Her zaman önce şekerin maliyetini söyler, karı müşterinin vicdanına bırakırmış. “Eğer bana bir akçe kar bırakmak istemiyorsan maliyeti olan bir akçeye şekerimi alabilirsin. Yoksul bir adam olduğum için maliyetinin altına veremem” dermiş. Diğer şekerciler benzer şekerleri 3-4 akçeye satıyorlarmış ama tadı ve kalitesi aynı değilmiş. Küçük çocuk her gün gelip Şekerci Baba’yı seyretmeye devam ediyormuş. Bir gün Şekerci Baba: “Evlat, neden gelip hep burada oturuyorsun? Senden başka gelen yok” demiş. Çocuk “Seni çalışırken seyretmeyi seviyorum” demiş.
“Sevgiyle çalışıyorsun. Belki çok sevdiğin bir dostuna, sevgiline, kardeşine hediye edecekmiş gibi şeker yapıyorsun. Halbuki müşterinin kim olduğunu bile bilmiyorsun. Bu şekerleri kimler alacak belli değil”. Şekerci Baba gülmüş. “Bana sorarsan gelen hep aynı müşteridir” demiş. “Yüzler farklı farklıdır, değişir ama gelen hep aynı müşteridir. Sadece müşterinin yüzü değişir. Ben onu her zaman tanırım. Bu yüzden kimseyi kandıramam, aldatamam. Yüzü değişen ama her gün dükkanıma gelen müşterimi ben nasıl aldatabilirim?”

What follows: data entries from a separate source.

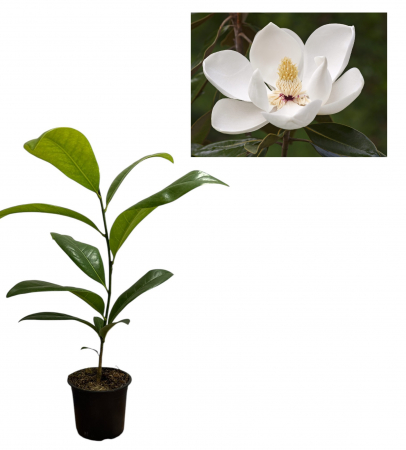 Arbori decorativi - Magnolie grandiflora vesnic verde 25-30 cm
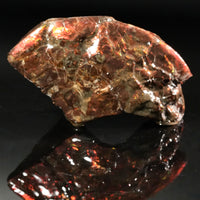 Polished Ammolite Stone #2543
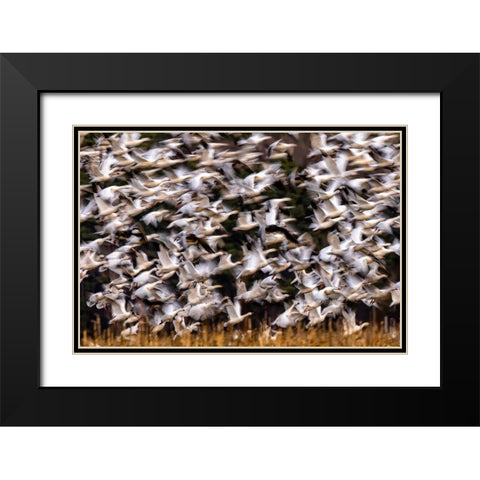 Snow Geese In Slow Motion Black Modern Wood Framed Art Print with Double Matting by Zhang, Xiaohong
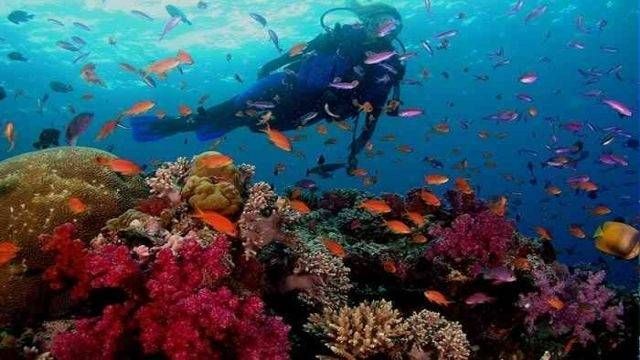 Scuba diving trip from Hurghada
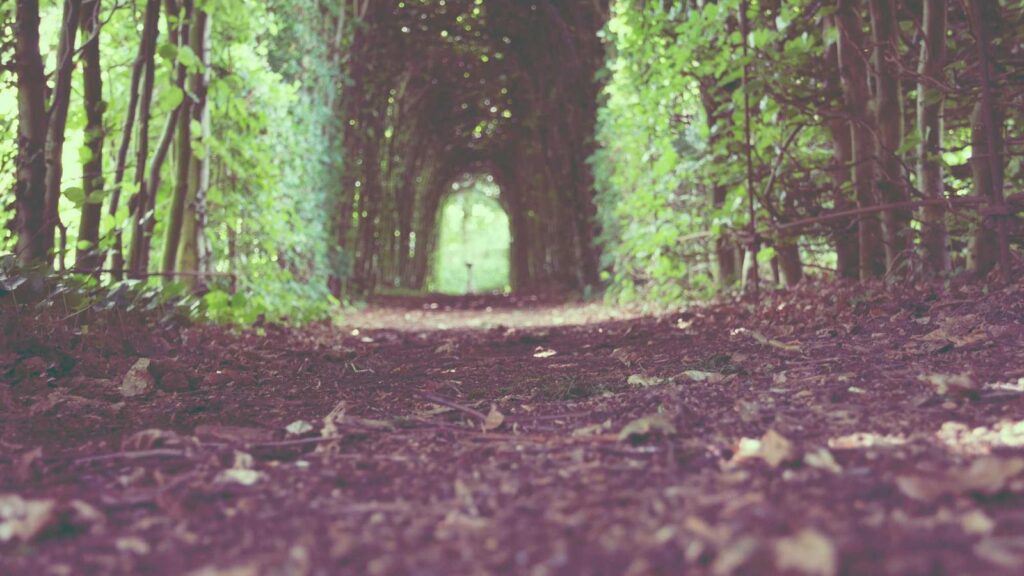 町屋駅 ランチ プージャー：本格インドカレーを堪能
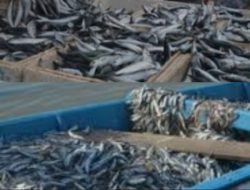 Alih Muatan Ikan di Tengah Laut Rugikan Daerah, Perlu Komitmen Tegas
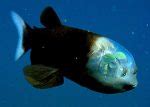 Barreleye Fish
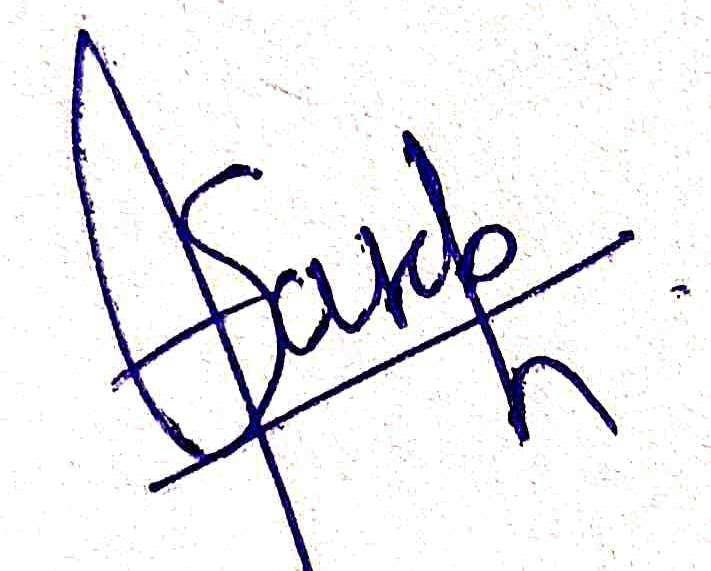 Saurabh Jaybhay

Şimdi esnafımız “Gelen müşterilerimin yüzü değişse de gelen hep aynı müşterimdir” diye düşünse, işini güzel yapsa hayat daha huzurlu olmaz mı? Farkında yaşamak ne güzel! Yemek yerken bile farkında yemek sizin hayattan aldığınız lezzeti artırır. Marifet şeker yapmak değil şeker gibi olabilmektir. Hayatı şeker gibi yaşayabilmektir. Sadece kara odaklanan tüccar belki çok para kazanır ama hayatın bu güzelliklerini es geçer. Birisiyle tanışmıştım. Adamın hazır yemek firması vardı. Ama adam kendi yemeğini evinden getiriyordu. Kendi fabrikasında pişirdiği yemeklerden yemiyordu. Çünkü kalitesiz malzeme kullanıyor, çalıyor, çırpıyor, insan sağlığı ile oynuyordu. Tek amacı var o da çok para kazanmak…
Çok para kazandığı zaman neler olacağının farkında değil. Dünya senin olsa da bu düşünce ile rezil bir hayat yaşamaktan kendini alıkoyamazsın. Şeker gibi yada zakkum gibi olmak sizin elinizde… Artık hangisini tercih ederseniz ona göre yaşarsınız.